The data below should be restated word for word, with every picture omitted.
------------------------------
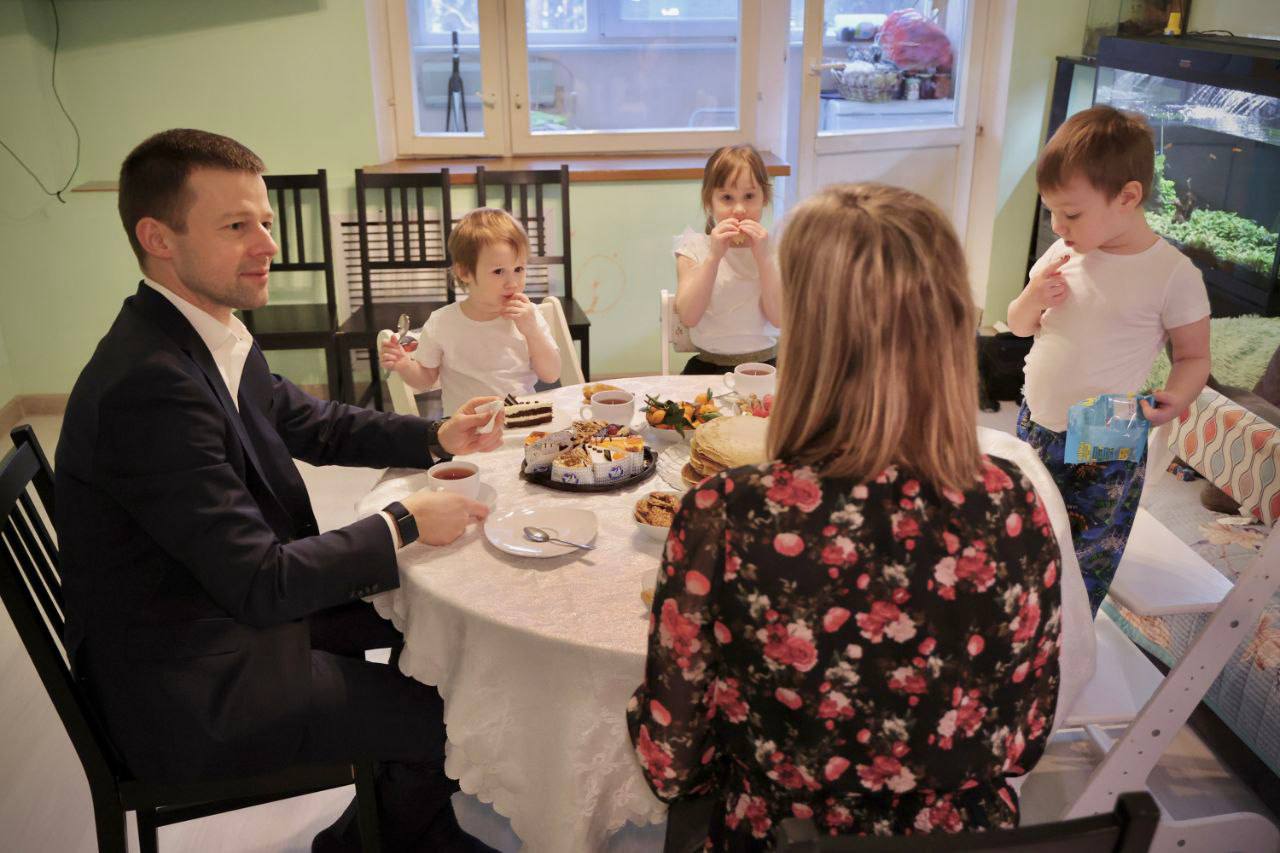 Сергей Юров: Блины, которые мы испекли вместе с ребятами из Молодой Гвардии Единлй России вместе с гостинцами привез семье нашего земляка, участника специальной военной операции Алексея Исаева Сергей Юров: Блины, которые мы испекли вместе с ребятами из Молодой Гвардии Единлй России вместе с гостинцами привез семье нашего земляка, участника специальной военной операции Алексея Исаева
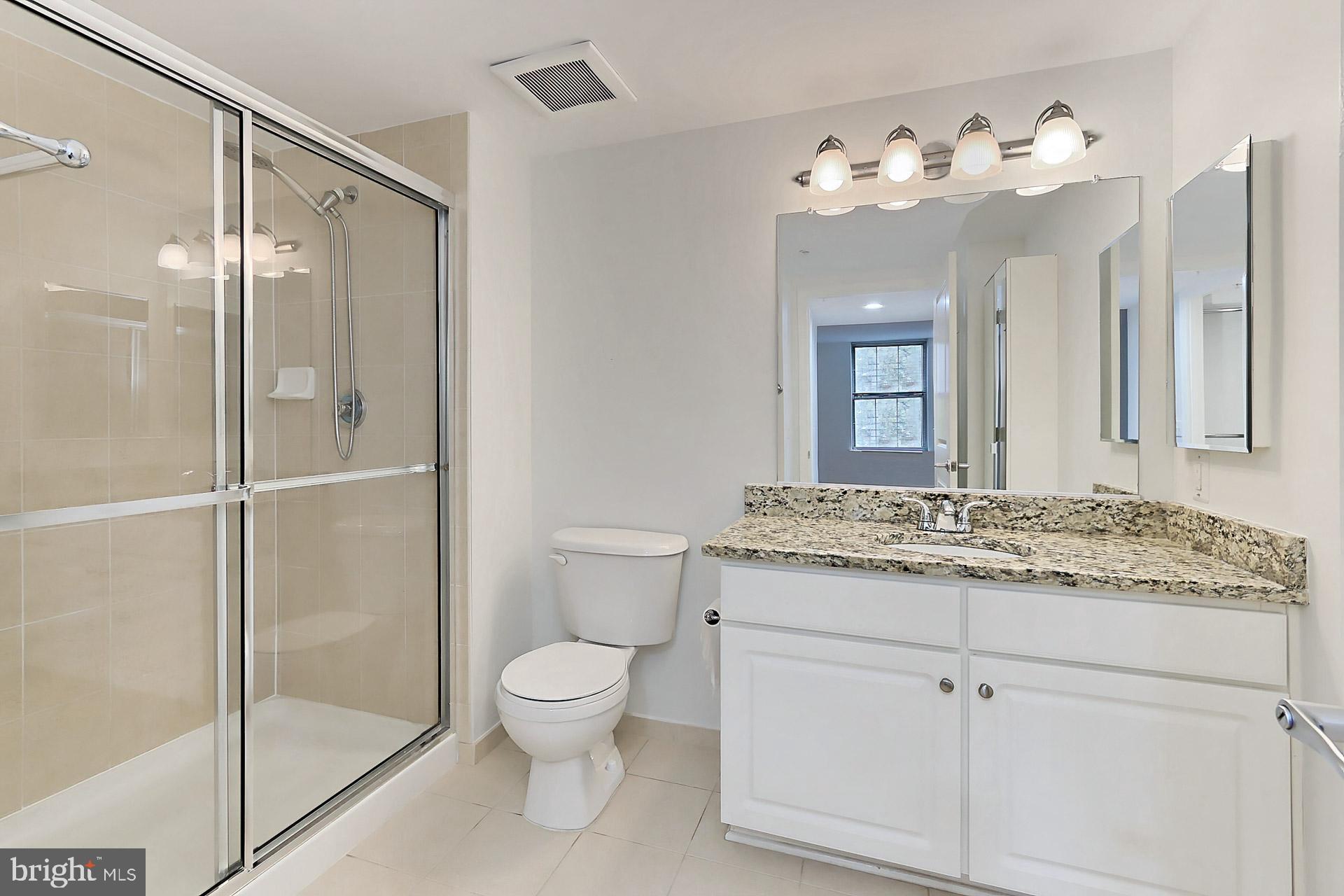 11800 Sunset Hills Road, Unit 513 Reston, VA 20190 - Photo 25 of 43 Primary ensuite bath.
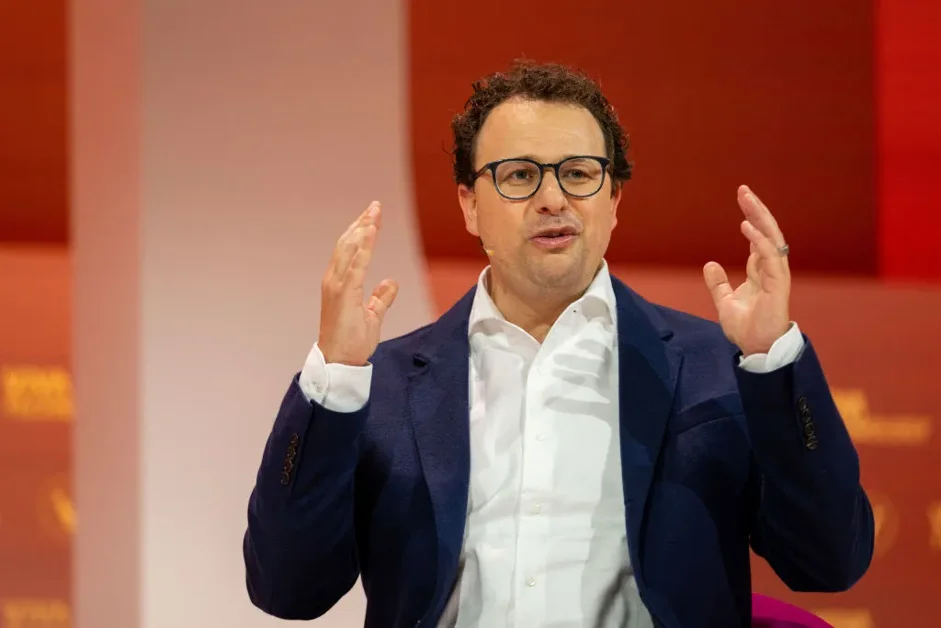 Dario Amodei calls OpenAI’s messaging around military deal ‘straight up lies’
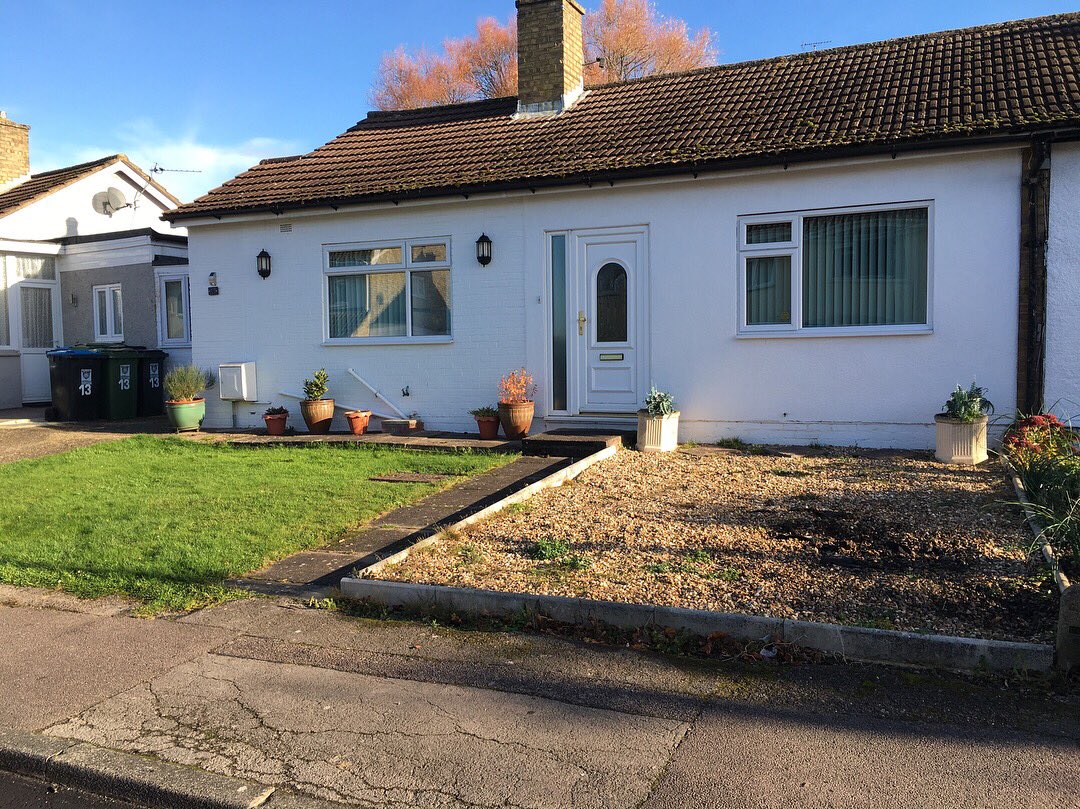 groundcraft_pro's tweet photo. A front garden we transformed into a large driveway area 👌🏼 #groundcraftprojects @NeilAndrewMess1 https://t.co/nyNURjivVa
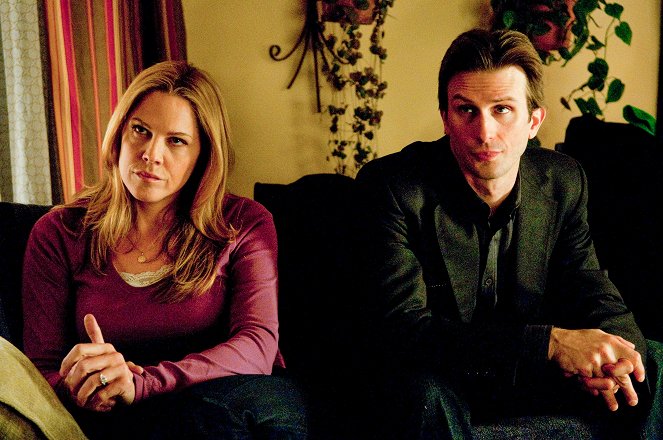 In Plain Sight - Season 3 - Father Goes West - Photos - Mary McCormack, Frederick Weller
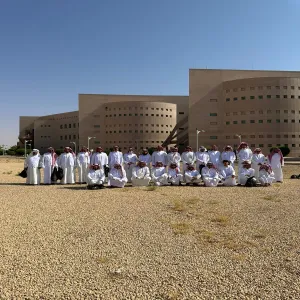 امتداداً لمراحل تنفيذ "مبادرة تحسين بيئة المدن الجامعية" : الإدارة وبالتعاون مع كليتي العلوم والتربية بالزلفي تُنفذ نشاط المبادرة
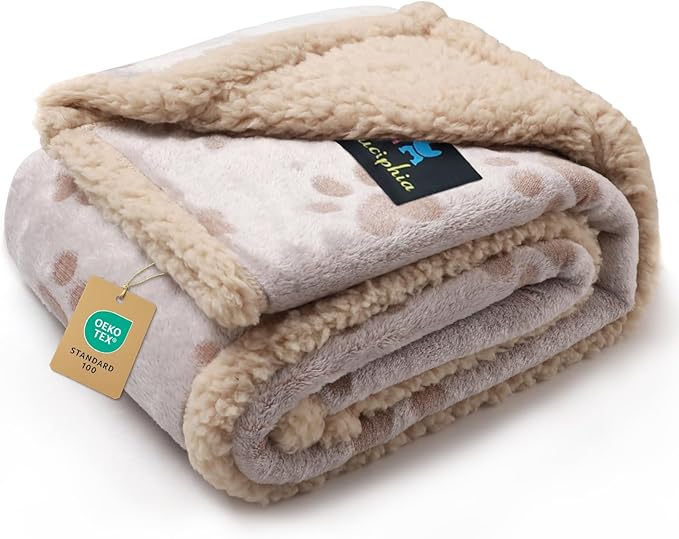 Luciphia Waterproof Pet Blankets Whith Paw Print by luciphia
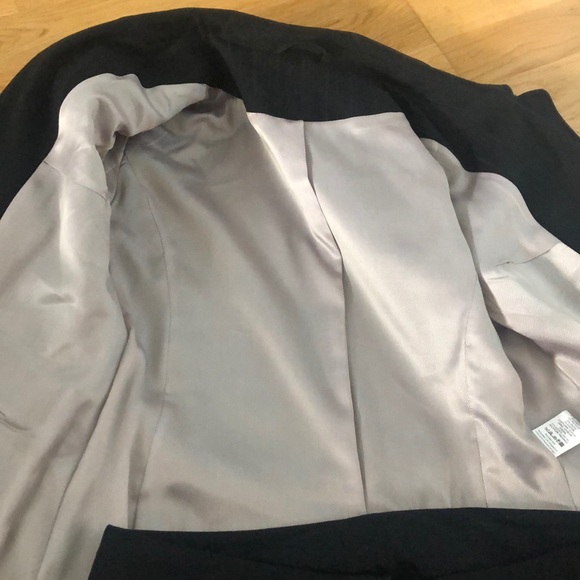 Pinstripe suit - Picture 5 of 7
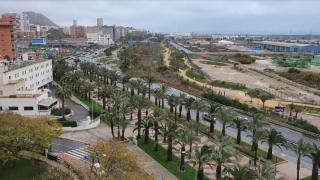 Playa de vías junto a Casa Mediterráneo en el barrio de Benalúa Sur de Alicante.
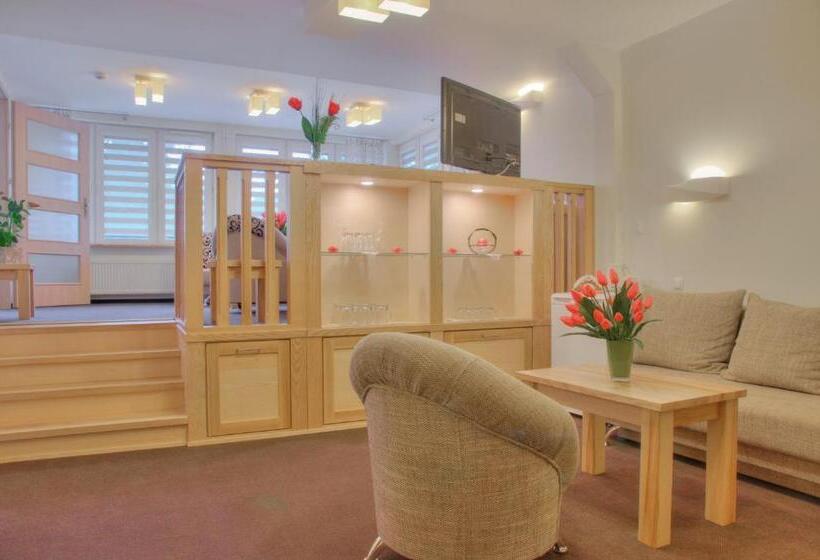 سوییت دوبلکس, Pensjonat Jastrzębia Turnia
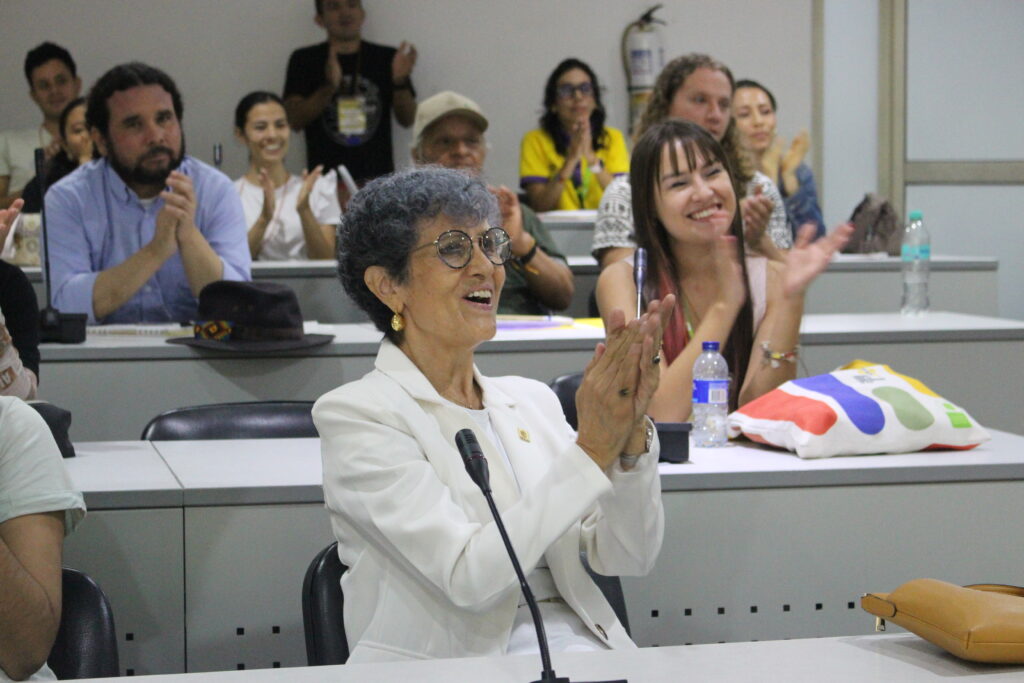 Decana Facultad de Ciencias Humanas, Ana Cecilia Ojeda participando Encuentro Nacional de Literatura Infantil y Juvenil. 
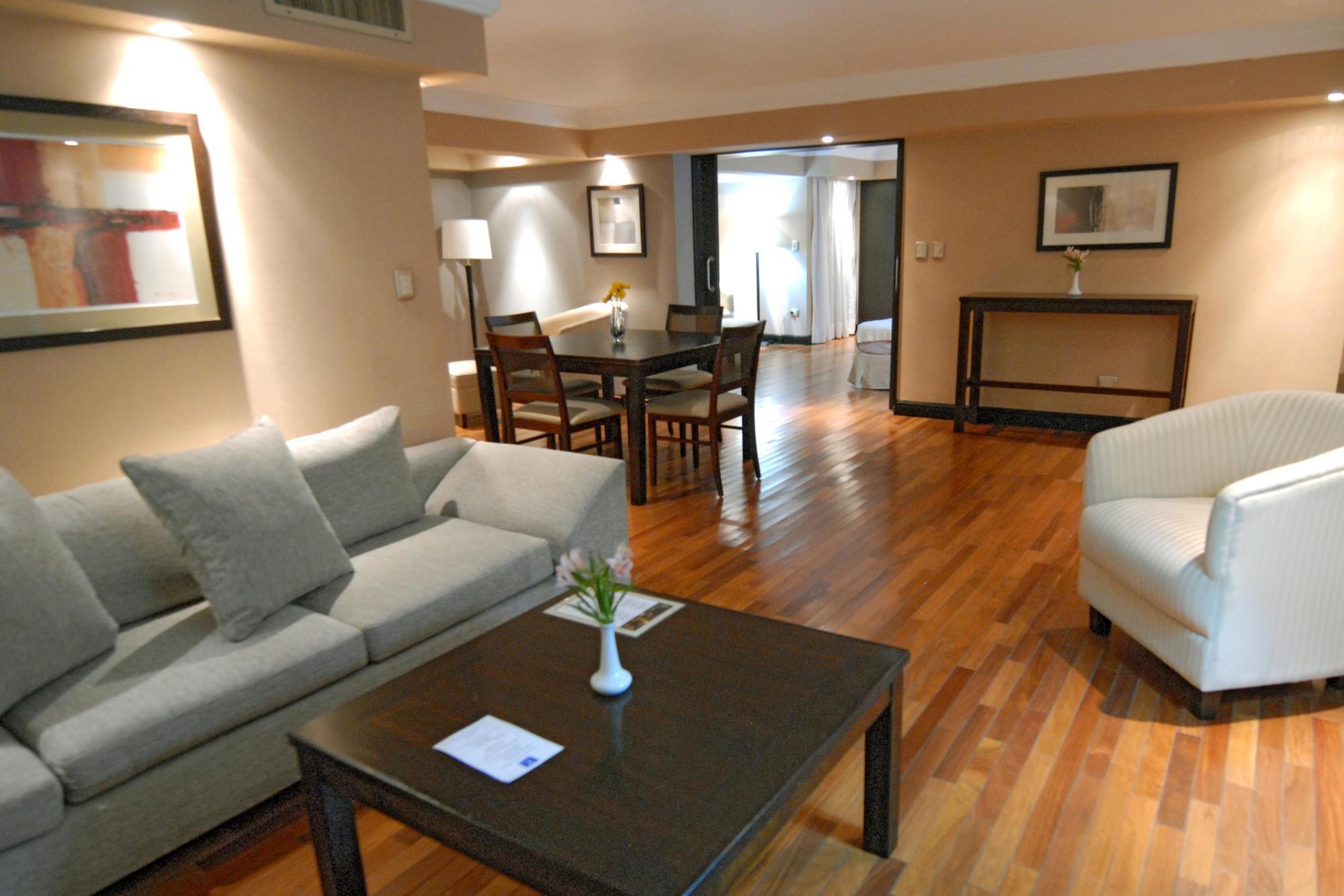Premium Tower Suites Мендоса Экстерьер фото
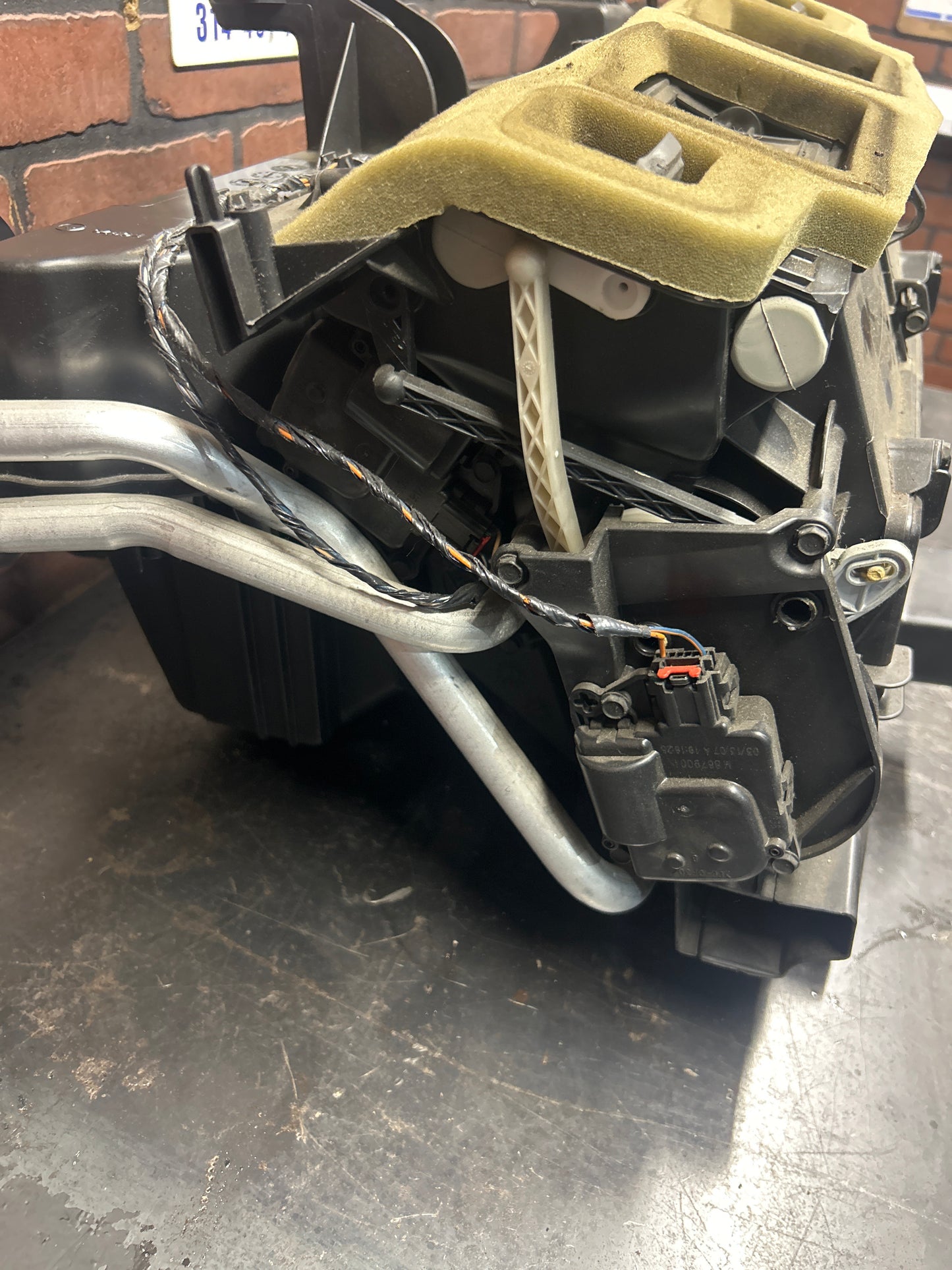 2005-2010 CHRYSLER 300 SRT8 HVAC A/C HEATER BLOWER HOUSING BOX 04596500AE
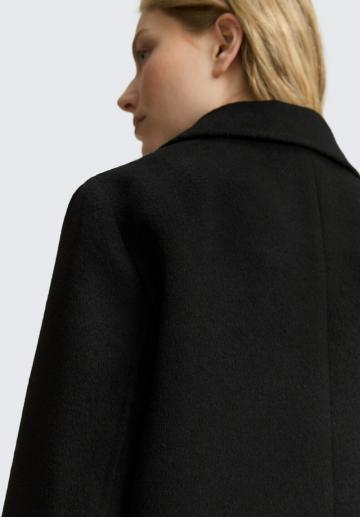 Короткое пальто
------------------------------
• **OUTPUT OF THE TASK**
 Сергей Юров: Блины, которые мы испекли вместе с ребятами из Молодой Гвардии Единлй России вместе с гостинцами привез семье нашего земляка, участника специальной военной операции Алексея Исаева Сергей Юров: Блины, которые мы испекли вместе с ребятами из Молодой Гвардии Единлй России вместе с гостинцами привез семье нашего земляка, участника специальной военной операции Алексея Исаева
 11800 Sunset Hills Road, Unit 513 Reston, VA 20190 - Photo 25 of 43 Primary ensuite bath.
 Dario Amodei calls OpenAI’s messaging around military deal ‘straight up lies’
 groundcraft_pro's tweet photo. A front garden we transformed into a large driveway area 👌🏼 #groundcraftprojects @NeilAndrewMess1 https://t.co/nyNURjivVa
 In Plain Sight - Season 3 - Father Goes West - Photos - Mary McCormack, Frederick Weller
 امتداداً لمراحل تنفيذ "مبادرة تحسين بيئة المدن الجامعية" : الإدارة وبالتعاون مع كليتي العلوم والتربية بالزلفي تُنفذ نشاط المبادرة
 Luciphia Waterproof Pet Blankets Whith Paw Print by luciphia
 Pinstripe suit - Picture 5 of 7
 Playa de vías junto a Casa Mediterráneo en el barrio de Benalúa Sur de Alicante.
 سوییت دوبلکس, Pensjonat Jastrzębia Turnia
 Decana Facultad de Ciencias Humanas, Ana Cecilia Ojeda participando Encuentro Nacional de Literatura Infantil y Juvenil. 
Premium Tower Suites Мендоса Экстерьер фото
 2005-2010 CHRYSLER 300 SRT8 HVAC A/C HEATER BLOWER HOUSING BOX 04596500AE
 Короткое пальто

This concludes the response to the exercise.